L’Europa si prepara a fronteggiare i dazi di Trump
Nonostante la minaccia arrivata dalla Casa Bianca, che impone all’Unione europea dazi generalizzati al 30% dal primo agosto, l’Europa sceglie al momento la strada della prudenza. «Estenderemo la sospensione delle contromisure fino all’inizio di agosto», ha annunciato la presidente della Commissione Ue, Ursula von der Leyen. Tuttavia, in questi mesi l’Unione europea si è dotata di diversi strumenti per fronteggiare le tariffe imposte da Donald Trump.
L’Ue invoca il dialogo, ma prepara le sue armi
«Come sapete, abbiamo preparato e concordato un primo elenco di contromisure. Abbiamo sviluppato un certo elenco potenziale di contromisure che è ormai concordato. E l’Aci (lo Strumento Anti-Coercizione) è stato creato per situazioni straordinarie. Non siamo ancora arrivati a quel punto. Questo è molto importante. Questo è il momento dei negoziati. Ma questo dimostra anche che siamo preparati per tutti gli eventuali scenari», ha comunicato la presidente della Commissione Ue. Ursula von der Leyen ha parlato di un «doppio binario» con cui affrontare le tariffe statunitensi, tra la diplomazia delle trattative attualmente perseguita e il dispiegamento di contromisure. Dazi, contro-dazi, pacchetti pronti e sospesi e pacchetti in preparazione, fino al «bazooka» che potrebbe colpire le Big Tech statunitensi e allo strumento anti-coercizione, in quella che diverrebbe una guerra commerciale a tutti gli effetti.
Dazi, contro-dazi, bazooka e Meccanismo anti-coercizione
Di quasi 21 miliardi di euro è il valore delle prime risposte europee ai dazi di Trump. Il 12 marzo l’amministrazione statunitense ha reintrodotto dazi del 25% sia sull’acciaio che sull’alluminio europeo. In risposta, l’Ue aveva approvato un pacchetto articolato in tre fasi, pensato per colpire simboli e settori politicamente sensibili per Washington. Una prima fase da 3,9 miliardi prendeva di mira prodotti iconici: moto Harley-Davidson, jeans Levi’s, burro d’arachidi, tabacco, articoli per la cura della persona, nonché dazi su acciaio, elettrodomestici e tech leggero. Una seconda e una terza tranche (da 13,5 e 3,5 miliardi) colpivano più a fondo l’economia statunitense: carni e pollame dal Midwest, legname del Sud, cereali, fast-food, moda, cosmetici, e la soia della Louisiana. Il pacchetto articolato in tre fasi è stato congelato fino alla mezzanotte del 14 luglio, ma Von der Leyen ha già precisato che lo stop sarà prorogato.
A questo primo pacchetto Ue se ne aggiungeva un secondo da 72 miliardi di euro, in risposta ai dazi “universali” del 10% annunciati dalla Casa Bianca tra il 5 e il 9 aprile. Le contromisure, inizialmente valutate in 95 miliardi di euro e poi limate, riguardano beni industriali, prodotti agroalimentari di alta gamma, dal bourbon del Kentucky alle aragoste del Maine, passando per agrumi, cosmetici e moda. La lista è ancora in fase di approvazione da parte degli Stati Ue.

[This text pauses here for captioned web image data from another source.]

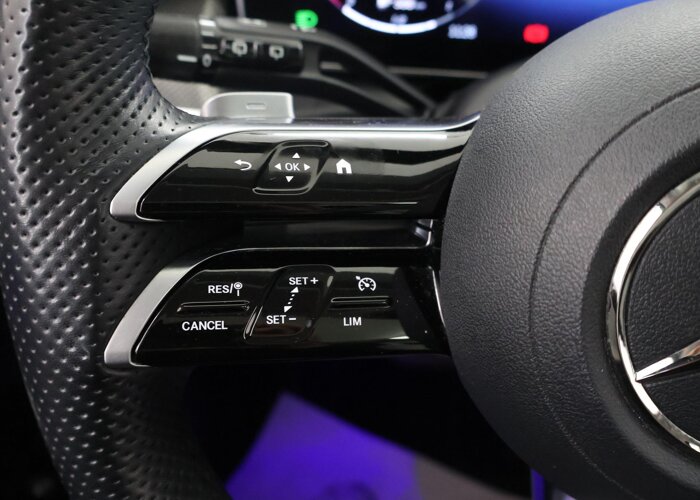 Mercedes-Benz GLC 300e 4MATIC AMG Line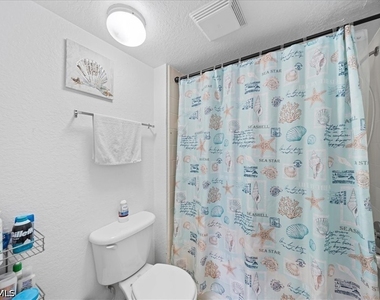 8235 Ibis Club Drive - Photo Thumbnail 19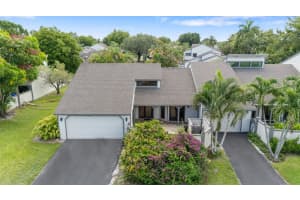 13407 Bedford Mews Court, Wellington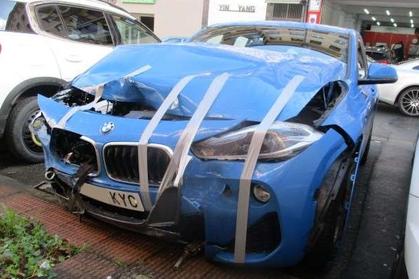 Compra y venta de coches rotos.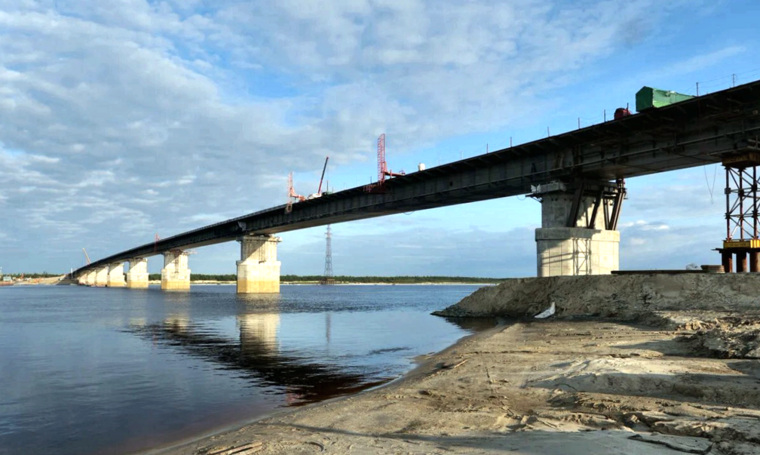 Конструкции моста соединили берега Пура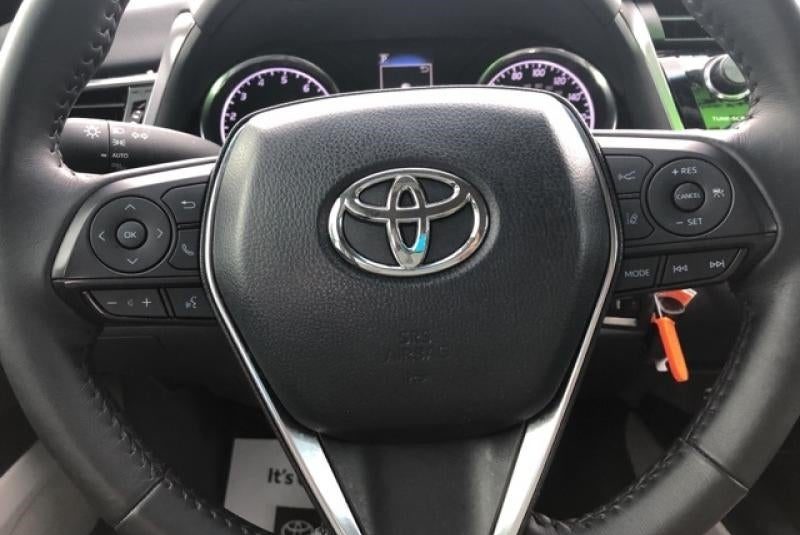 2018 Toyota Camry SE 4T1B11HK7JU129523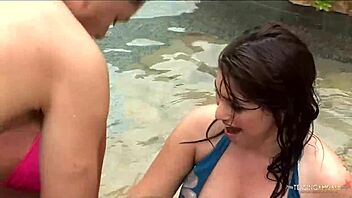 i seen the brunettes startin an anal threesome at the pool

Oltre a queste prime misure, l’Unione europea tiene ancora in cantiere due strumenti ben più potenti. Il cosiddetto bazooka europeo sarebbe, infatti, un duro colpo per Washington, poiché punterebbe ai servizi digitali, nei quali gli Stati Uniti si trovano in prima posizione. Così come lo sarebbe l’arma estrema, ossia il Meccanismo anti-coercizione (Aci), invocato da Parigi come lo scudo definitivo dell’Unione. Nato sull’onda delle ritorsioni cinesi contro la Lituania per le sue relazioni con Taiwan, consentirebbe all’Ue di reagire a sua volta con dazi, restrizioni su investimenti e servizi, esclusione da appalti pubblici, fino alla revoca di diritti di proprietà intellettuale. Tale strumento serve a difendere l’autonomia strategica europea ed è già operativo dal 2023. Attualmente, è stata convocata d’urgenza una riunione del Coreper, il comitato degli ambasciatori dei 27 Stati membri dell’Ue, per valutare l’attivazione immediata o meno delle contromisure, pronte da mesi ma al momento sospese.